A few months back I was at Yia-Yia's for Avery night and tried several of their fines beers. It seems like it's one of those breweries where you'll never find a bad beer. Out of Bounds Stout is just a stout, nothing fancy, no added flavoring, no unnecessary amounts of hops in order to call it a stout IPA or some such nonsense. A good stout doesn't need a hyphen, it just is. Out of Bounds Stout pours, as you might expect, an impenetrable black with a one-finger beige head. But even though there's no added flavors, the malt and hops add all kinds of aromas and flavors: chocolate, coffee, toffee, caramel. Some sweetness (is this a milk stout maybe?) and a creamy thickness. Everything that you could possibly ask for in a stout. Bring me more!
Not bourbon barrel oak ages, but oak-aged nonetheless, Snow & Tell pours a maple syrupy hue, with a one-pinky tan head. Heavy, almost chewy mouthfeel, with malty character and oak as well (probably from the oak-aging!). Slight smokiness, but not as much as you'd expect from a Scotch ale. However there's some dark fruit overtones. There's some caramel peeking out as the temperature rises, however I'd classify this as a "training wheels" Scotch Ale. What I mean by that it's a version of the style that isn't as strong as a really good version, so it won't run off the neophytes. Overall, not bad, but not as good as I'd expected.

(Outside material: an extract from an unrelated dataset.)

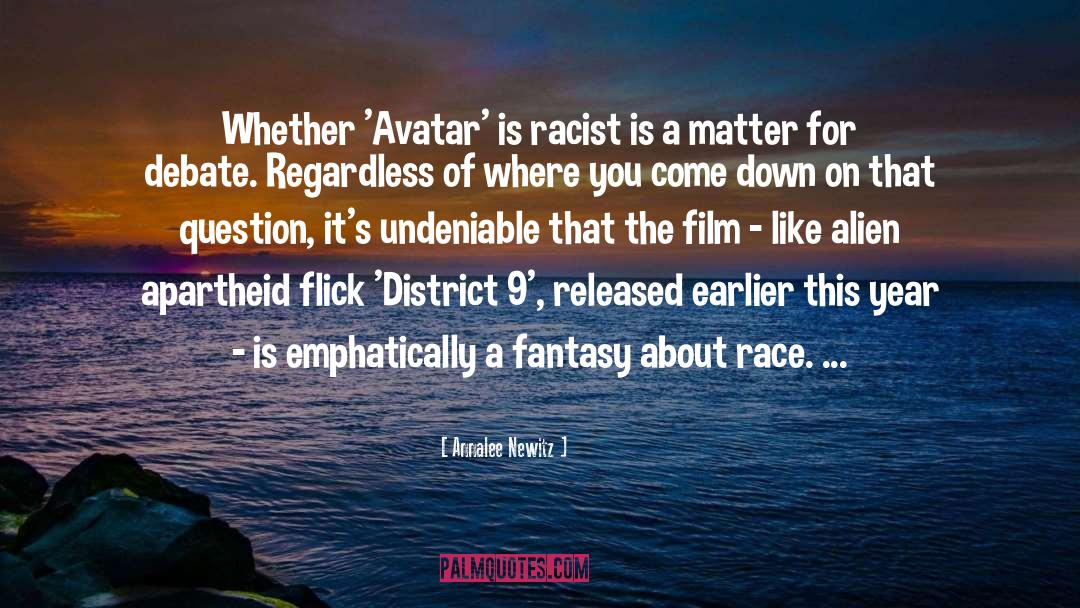 Annalee Newitz Quotes: Whether 'Avatar' is racist is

As I discussed in the last article, winter ale, aka winter warmers, are a broad category and cover a lot of ground. Zipline opted to go back to basics and present a stripped-down, no frills version of this winter favorite. They added rye to the malt and let that and the hops give the illusion of added spices...brilliant! The brew pours a hazy nut brown, with a scanty head. Floral/piney hops predominate, but dark fruit peaks out shyly from behind the IBU's. Zipline has never let me down, and this ale is a definite keeper for the cold nights around the Winter Solstice. Check it out if you see it on tap somewhere.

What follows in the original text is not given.